FMCA has its roots in a gathering that took place 60 years ago in Maine, when a group of RV owners came together to view a total eclipse of the sun and to talk about forming an organization for like-minded travelers.
By Pamela Kay, Director Of Communications, Publishing
July 2023
The year was 1963. Families had begun to discover a convenient new way to vacation. Pioneering folks purchased buses that had been decommissioned from their original roles of transporting schoolchildren or other passengers and then outfitted them as rolling homes. Many called them “house cars.” Production motor coaches were just coming into being then. Not everyone was a fan of the newfangled traveling machines, though, and these inventive families sometimes faced resistance in the communities they visited.
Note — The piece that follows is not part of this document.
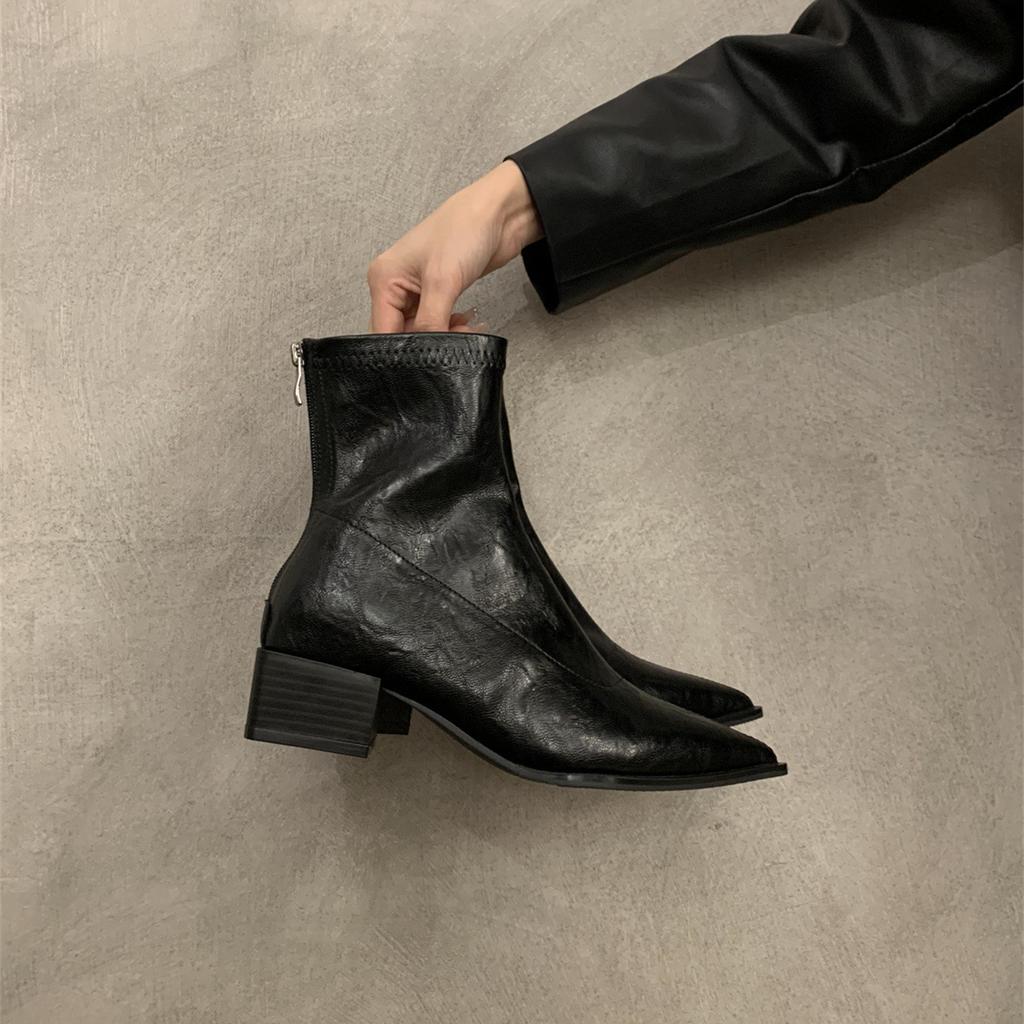 Короткие французские сапоги на толстом каблуке коричневого цвета, женская обувь, весна, осень и зима 2024, новые тонкие голые сапоги, ковбойские сапоги в стиле вестерн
A few of the folks pursuing this new form of travel decided it would be beneficial to band together to work to ensure their rights; to allow for collective buying power; to exchange information and ideas; and, equally important, to enjoy each other’s company.
Among them were Bob and Jean Richter of Hanson, Massachusetts, who had converted a 1940 Greyhound bus with 2.6 million miles on it to accommodate travel with their four children. They met a couple of other families who had similar conversions, and the Richters ultimately started a list of people with rolling homes like theirs. In April 1963, they mailed out a mimeographed letter inviting families to gather in Maine to view the solar eclipse that would take place in July.
The path of visibility of that total eclipse was so narrow that it would cross less than 1 percent of the entire surface of the Earth, and within the United States, it would be seen only over a thin strip of Alaska and 53 miles across the middle of Maine.
The eclipse created a bit of a frenzy in Maine, and it served as an exciting reason for house car owners to gather. During that get-together at the Good Will-Hinckley School in Hinckley, Maine, they decided to form FMCA, 60 years ago this month.
Bob Richter described that first gathering: “At Hinckley we set up folding tables and chairs; strung recycled gas station pennants from tree to tree for a festive note; set up the abominable mimeograph for daily newsletters; set out a bulletin board; and erected two leaky and primitive toilet tents in a far corner. It was an experience impossible to describe as we first heard — and then saw — the 26 coaches arriving, one after another, with our new friends. The coaches varied from a simple school bus on its fifth engine with only a mattress, a crib, and a stove in it, to a lush executive coach costing well into the six figures. What a sight to see them coming up the hill! And what great people!”
By the time of FMCA’s first national convention a year later at Fort Ticonderoga, New York, FMCA had grown to include nearly 500 families from 45 states and a few other countries. At that gathering in Fort Ti, 106 families from 20 states and Canada were in attendance.
Bob Richter, with his usual eloquence, described that first convention as follows: “We’ll never, if we lived to be a hundred, forget the sight of a hundred coaches parked together in one place, with their owners getting to know neighbors-of-the-road from coast to coast, and all the children acting as if their newfound friends had been their friends for years. When a six-year-old can proclaim that her best friends are from Owosso, Michigan; Cincinnati, Ohio; and Tucson, Arizona, as our daughter Libby did, it’s memorable.”
The Richters and the other founding and early members of FMCA set a firm foundation for the organization that carried it into the future and helped to make it the organization it is today. Next month, FMCA will embark on convention number 107 in Gillette, Wyoming, and it’s likely that nearly all U.S. states and Canada will be represented at the gathering. In its 60 years, FMCA has issued more than 543,000 memberships, touching many lives along the way. Six years ago, members voted to transition from a group of motorhome owners to an all-inclusive RV owners organization. The portion of the membership who own towable RVs continues to grow.
One thing that has remained constant throughout six decades of FMCA’s efforts to enhance the RV lifestyle are the “great people” Bob Richter described from that inaugural gathering in Maine. While RVs provide the basis for the bond that ties the organization together, it’s the people who form the fabric of FMCA. Thousands of RV enthusiasts have helped to write the story that began with a group of house car owners gazing at the sky one July afternoon, and dreaming of what could be.